Warren Ackerman, an analyst covering Aryzta for Societe Generale, told Toland he was “struggling a little bit to see another reason for the double-digit downgrade”.

Ackerman said: “I’m still a bit surprised that you’re still saying that you’re underestimating the challenges in the group. All the factors that you’re flagging today are the same factors as we’ve heard before.”

Toland responded: “We clearly have some very, very strong headwinds facing us in terms of cost inflation, particularly around labour and distribution. And we have been seeking to contain that and offset it by further cost efficiencies across the network.”

Aryzta, like many food companies operating in the US, has been confronted with pressure from high logistics and distribution costs. It is an industry-wide problem and, to some extent, Aryzta should not be overly criticised for that bucket of costs affecting the business.

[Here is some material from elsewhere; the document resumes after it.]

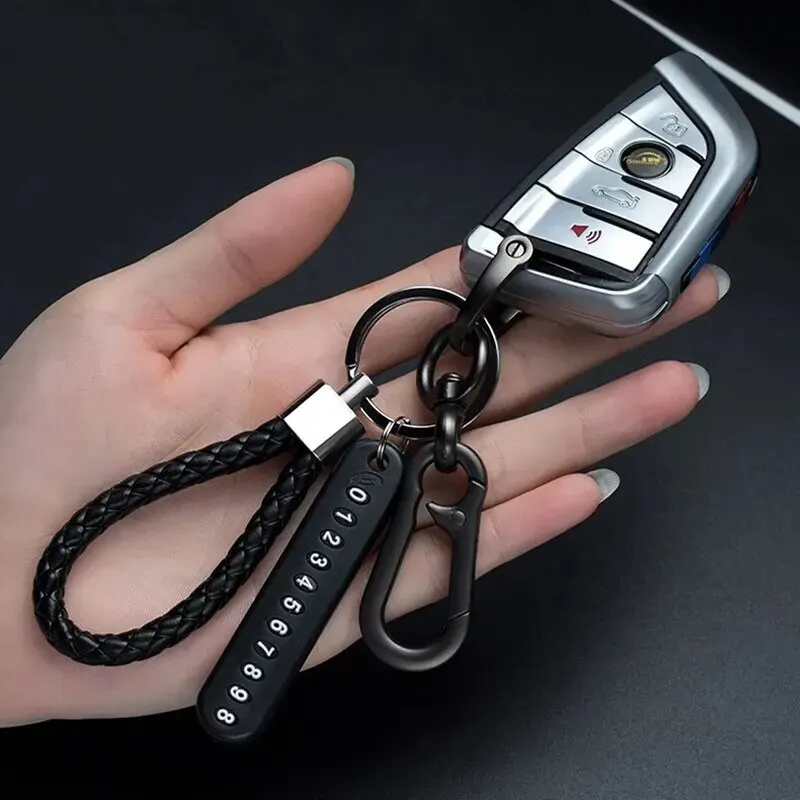 Never Lose Your Keys Again - Anti Loss Keychain with Phone Number Strip Car Keychain Phone Number Plate Car Accessories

Elsewhere, Aryzta is also facing a surge in butter prices and, again, the company is not alone in seeing that pressure.

However, there will be questions asked in the investment community about Aryzta’s inability to push its prices in North America up to the levels it had thought it could.

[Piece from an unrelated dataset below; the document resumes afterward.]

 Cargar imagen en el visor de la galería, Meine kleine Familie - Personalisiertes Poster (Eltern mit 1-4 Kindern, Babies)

And two profit warnings in four months is hardly going to breed confidence in the company and the ability of its management to improve its performance. 

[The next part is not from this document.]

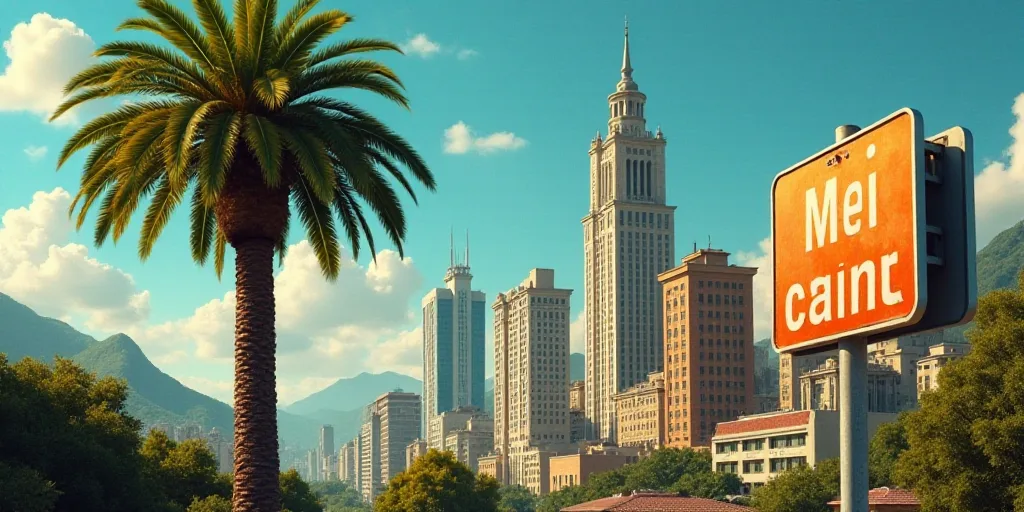 a city with tall buildings and a street sign in front of it with a palm tree in the foreground, Dieg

Moreover, in the face of the fresh profit warning, there is also some worry about Aryzta hitting its debt covenants. The company insists it will not breach the covenants and said on Thursday it does not need to sell its 49% stake in French frozen-food retailer Picard to avoid that scenario, although a disposal of those shares will go some way to improving investor confidence.

There is some disappointment Aryzta has yet to sell its interest in Picard, a shareholding acquired in 2015 and a move questioned by some in the investment community almost ever since.

Alain Oberhuber, a consumer goods analyst and CEO at MainFirst Schweiz, believes Picard is “unlikely to be sold at an acceptable price” in the company’s current fiscal year, which runs until the end of June.

“It looks like the divestment of Picard takes longer than expected and will occur later than fiscal year 2018. This was one of the key elements of our investment case,” Oberhuber said in a note to clients yesterday.

He added: “In terms of the balance sheet, covenants for fiscal year 2018 will not be breached but fiscal year 2019 looks challenging to reach.”

And in a note to clients in the wake of Aryzta’s third-quarter trading update and fresh profit warning, Jon Cox, an analyst covering the company for French finance house Kepler Cheuvreux, said: “The reputation of the new management team, which had looked strong as it has been in place for less than 12 months, takes another hit with a second profit warning this year. Given the multiple uncertainties, we see the stock as uninvestable currently.”

This week’s surprise announcement from Aryzta has not wiped out investor confidence in Toland and his new management team. There is still some patience in the investment community. And the company has been buffeted by some industry-wide pressures.

However, Aryzta’s full-year results – and, more pertinently, Toland’s outlook for the company’s new financial year – will be scrutinised when the group next comes to the market in October.